Dressed in a suit and speaking in hushed tones about the Garden of Eden, Rabbi Stephen Pearce seemed out of place standing before several hundred environmentalists in Justin Herman Plaza during a San Francisco rally last Friday.

But when the spiritual leader of San Francisco’s Congregation Emanu-El proclaimed that the redwoods “don’t belong to industrialists who hold title to sacred space. We’re the stewards of God’s gifts,” it was as if Pearce were preaching to his own. Which, in a sense, he was.

Three days before a moratorium on logging in the Headwaters forest was due to expire and hours before a deal was cut, Pearce and about half a dozen of Northern California’s social and political leaders urged protection of the world’s last ancient redwoods at the noontime rally.

Late Friday night in Washington, Sen.
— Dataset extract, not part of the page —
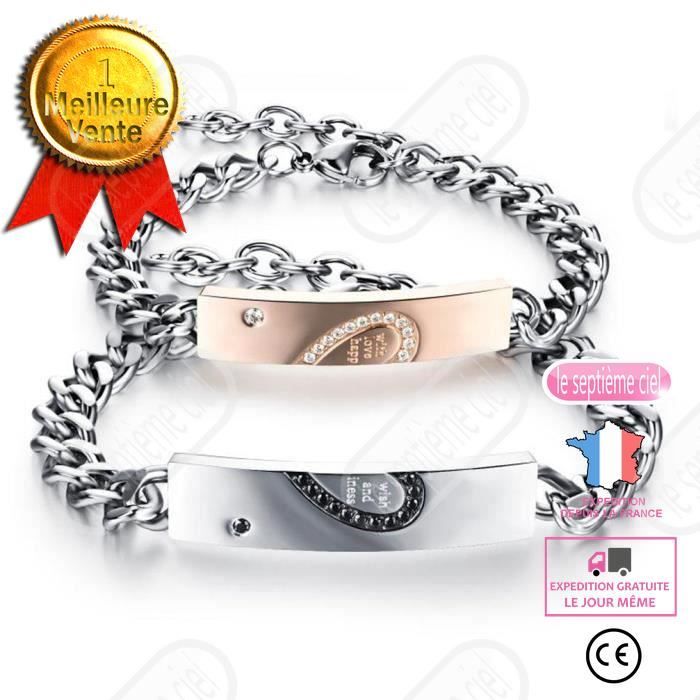 LSC® Bracelet Couple Amoureux 2 Pieces Cadeau Anniversair Noel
Dianne Feinstein and Deputy Interior Secretary John Garamendi hammered out a deal with Charles Hurwitz, owner of Maxxam Inc., the parent company of Pacific Lumber, and owner of the disputed Headwaters forest and other redwood groves in Humboldt County.
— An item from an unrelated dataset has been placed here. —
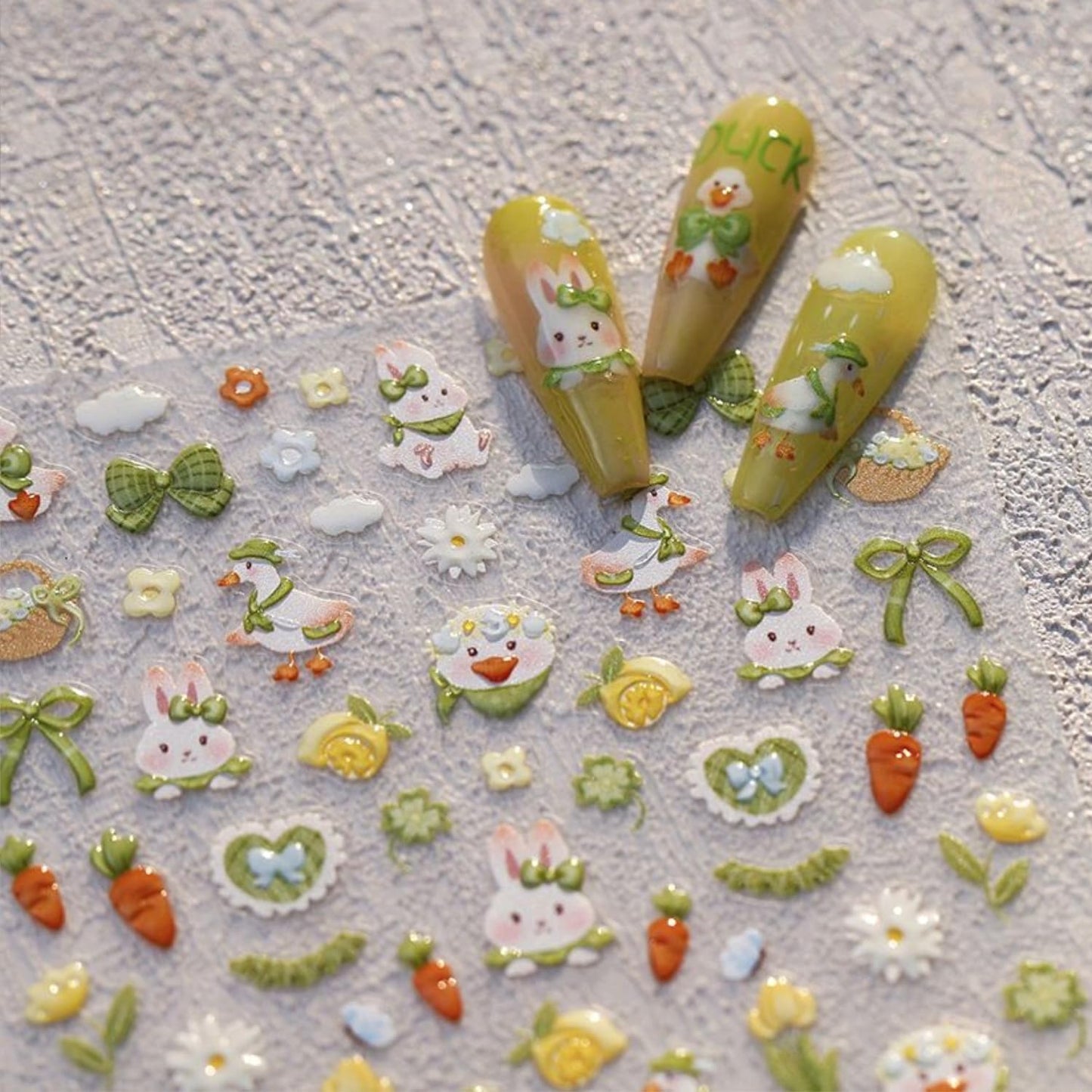 Easter Nail Stickers for Nail Art 5D Self Adhesive Nail Decals Cute Bunny Nail Art Stickers Green Bow Flower Nails Design Easter Nail Supplies for DIY Manicure Decoration for Women Girls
The trade includes $380 million in cash and yet-undetermined public property for the creation of a 7,500-acre public preserve of redwoods. Hurwitz will retain 200,000 acres of land in Humboldt County and also receive 8,000 acres of forest from Elk River Timber. However, Hurwitz cannot salvage log the trade areas for the next 10 months.
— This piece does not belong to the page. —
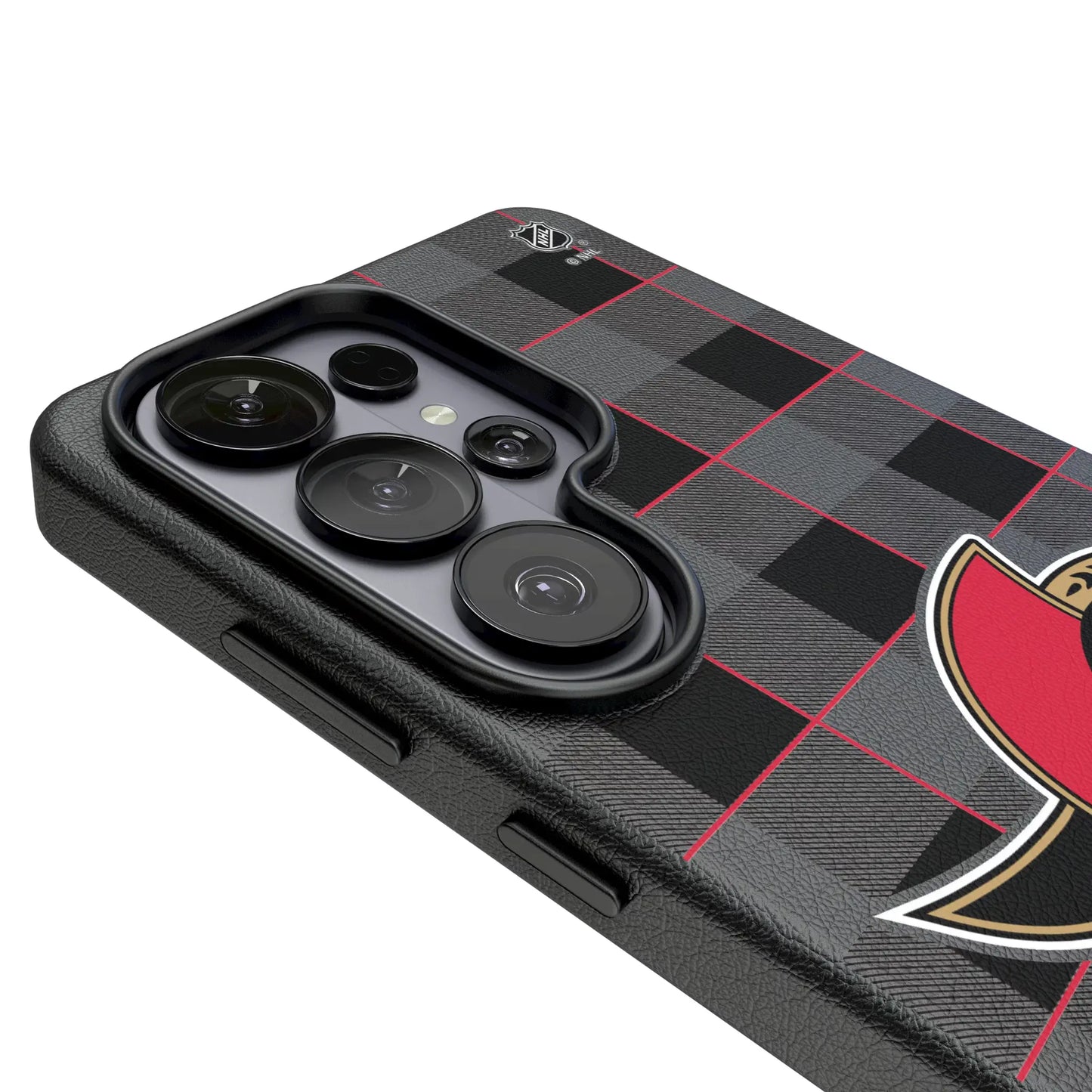 Ottawa Senators Plaid MagSafe Compatible Phone Case for Samsung Galaxy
Reactions to the deal are mixed. Some environmentalist believe the logging restrictions are not strict enough. Others are relieved.

“In many ways this is a good symbolic victory for the environmentalists,” said Rabbi Lester Scharnberg of Temple Beth El in Eureka in a phone interview. “I’m not really sure if we look at it in the context of what would be just, as opposed to legal, if real justice is served, though.”

Scharnberg has been a vocal opponent of Pacific Lumber’s logging policies since Hurwitz’s takeover of the company in the 1980s. He added, “The debate of the Headwaters themselves will soon be over. But the context in which the battle is framed is much larger. We as Jews, and as spiritual leaders, have an obligation to extend our compassion and moral concerns to all of God’s creations.

“We have to expand our vision of the community of God. Traditionally we’ve seen it as people. It’s time we saw nature not as a prop but an integral part of God’s creation and God’s great plan,” Scharnberg said. “I don’t know if we can expect secular courts to come to full recognition of this, but their decision seems to be a step in the right direction.”

Meanwhile, at Friday’s rally, which concluded with a march to Feinstein’s San Francisco office, environmentalists of all stripes came together.

Organized by a number of groups, including Greenpeace, the Sierra Club and the Bay Area Coalition for Headwaters, the rally attracted local businessmen and women, students from Santa Cruz and hippies from Mendocino and Humboldt counties. Speakers ranged from former California Gov. Jerry Brown and S.F. Mayor Willie Brown to activist Judi Bari and former Grateful Dead guitarist Bob Weir.

Some wore fishhead and bear-face masks; others carried handpainted signs of support. A “wolf howl” of praise resounded when Pearce told the following parable:

Two men were fighting over a parcel of land. They asked the wisest man to determine its owner. “Let us ask the land,” the man said.

The wise man put his ear to the ground and it revealed its decision. “The land says it belongs to neither of you, but you belong to the land.”

“Our planet is dying because we think we own the land,” Pearce said. “This is contrary to our role as God’s stewards of all that lives.” Corporations show hubris, he said, by thinking they can “despoil God’s land.”

Both Jerry Brown and Willie Brown addressed political solutions for saving the forests. Environmental activists updated current activities on both sides of the debate. Weir offered perhaps the simplest message.

“The forest is mostly gone now. We can’t keep giving it away,” he said, then picked up his guitar and played “Throwing Stones.”

The crowd sang with him: “Politicians throwing stones… ashes, ashes, all fall down,” and faded out.